I've been watching some pre-production code films, namely a great Greta Garbo 'biopic' of the Queen of Sweden, Queen Christina, and the Barbara Stanwyck vehicle, Babyface. Babyface was a central movie in the move by Will Hays to try and get more teeth into the production code, and the resulting process really took a lot of the nuance and complication out of a medium that was already running short on subltly. Ironcially, the discussion of Nietzschean philosophy that was forced cut from the film by censorship boards is actually itself a common misreading of Nietzsche's work, The Will to Power, completely missing the nuance of a very complicated philosophical tome.

Anyway, it occurred to me just now that this may be a huge part of the reason that reactionary politics is so fond of a manichean worldview of us vs. them, good vs. evil. It's embedded in the films we watch, especially commercial Westerns, War films, and Action/adventure stuff. Obviously, that's not uniformly true, and the recent Dark Night films at least partially explore a more complex psychology. It is true that mainstream films still greatly reflect the tenets of the code that a film's sympathies must never be with an antihero or a criminal. The resulting films were never allowed to explore the undercurrents of criminality or sexuality with any real depth without running afoul of the Hays Office.

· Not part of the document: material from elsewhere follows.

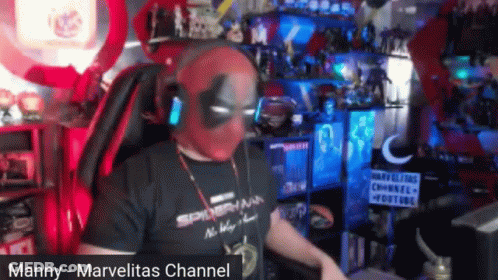 A Man Wearing A Deadpool Mask And Headphones Is Sitting In A Chair . GIF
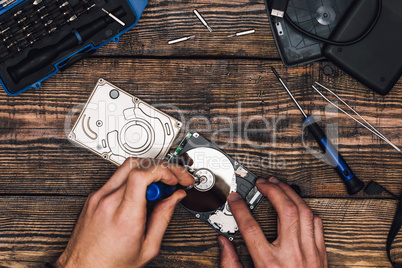 Two Hands with Screwdriver Disassemble HDD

I do believe that American sexuality has long been perverted by the pruriant standards of the code, and that the vastly huge pornography industry is a result of a failure to really have an open and honest dialogue through art about sex. That may be stretching things a little, but I also feel that films' cut and dried approach to morality gives people a skewed conception of the complications naturally inherent in human life. It's certainly a part of the problem. Couple that with a Television and internet based culture where attention spans are brief and context is rarely sought or provided, and you get the insanity of modern American politics.

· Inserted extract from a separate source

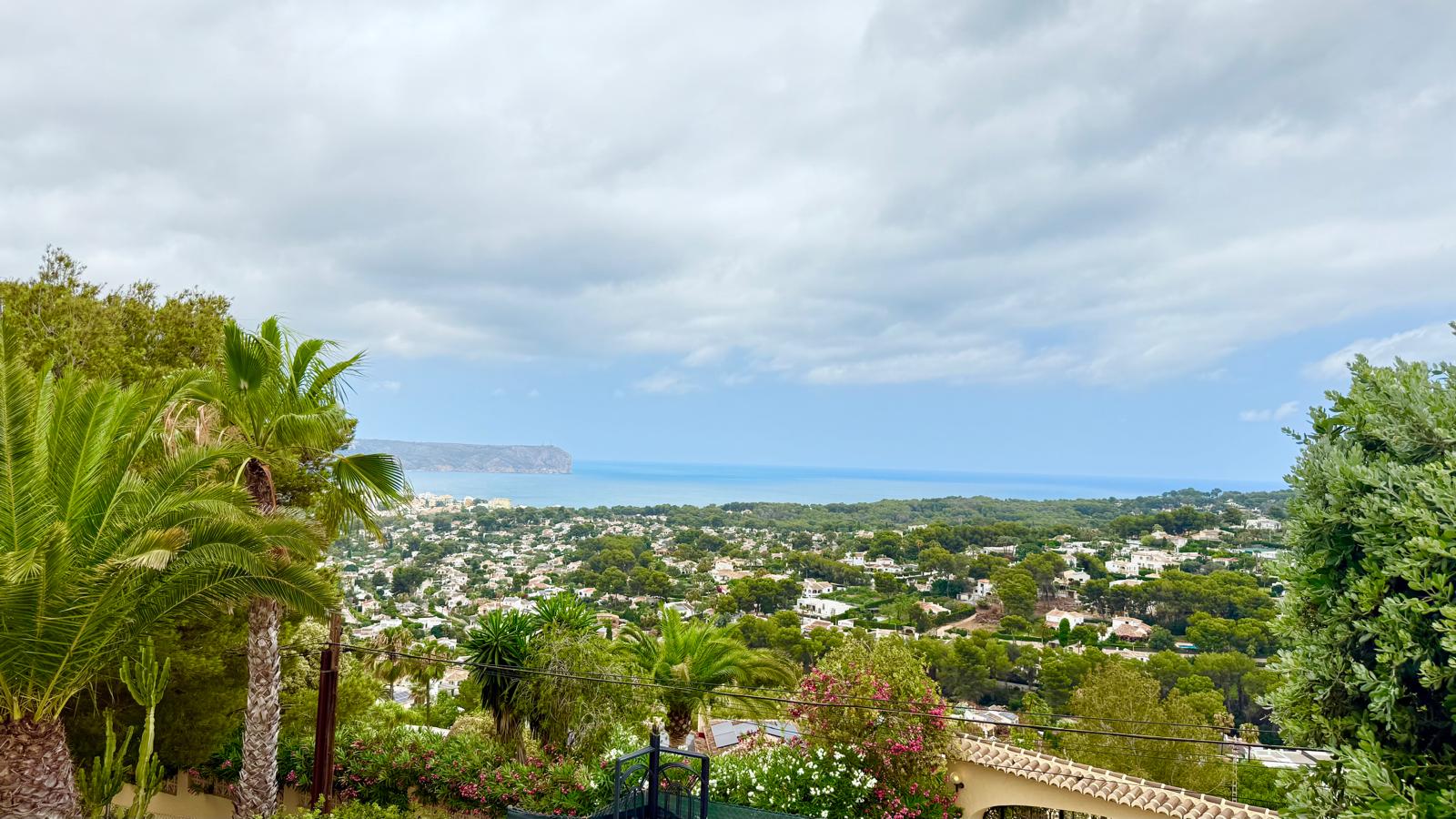 Vistas panorámicas hacia la bahía de Jávea y el mar Mediterráneo desde la posición elevada de la villa, rodeada de palmeras y vegetación madura.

It's really a shame, and the thing is, I believe the Production Code may be at the root of a lot of our trouble seeing and understanding complexity. I don't know that you have all those John Wayne movies if Wilder, Hawks, Lubitsch and the rest had to contend with such a regressive process of censorship. I guess I'm overreaching a little, but I do feel like the artistic history of film was warped in a very unhealthy way by the overt censorship of the Hays office, the precursor to the modern MPAA rating system.

Wednesday, August 20, 2008

'apropos of nothing'

I really hate excessive or unnecessary narration in films. Or the kind of slapdash narration that Allen uses in Vicki Cristina Barcelona. As an easy way to cobble together a movie it works, but in the end it just superficially masks the fact that the movie is skattershot.

I had my car towed yesterday because I parked on the wrong side of the road during street cleaning hours, and I didn't notice until I was trying to leave for work at 4 am. Of course, the tow yard didn't open until seven at which point I would already be three hours late, and I will have to drop a sawbuck to get it out . I'm currently fuming about all of this.

It took me years of journalling before the process became complicated and a responsibility. It took barely six months for the same thing to happen with blogging.

How is it possible that the Rays and the Cubs are tied with the best records in baseball? That is both exciting and frustrating at the same time.

I really like the set design for Gene Kelly's character's apartment in An American in Paris, but I still have trouble with the excessively melodramaticness of the writing and acting in musicals. I wonder what Brecht/Weil stuff is like live? I'd really like to find out someday.

I don't know if I'll start blogging again. If I can get back this kind of feel without this kind of structure, I might just.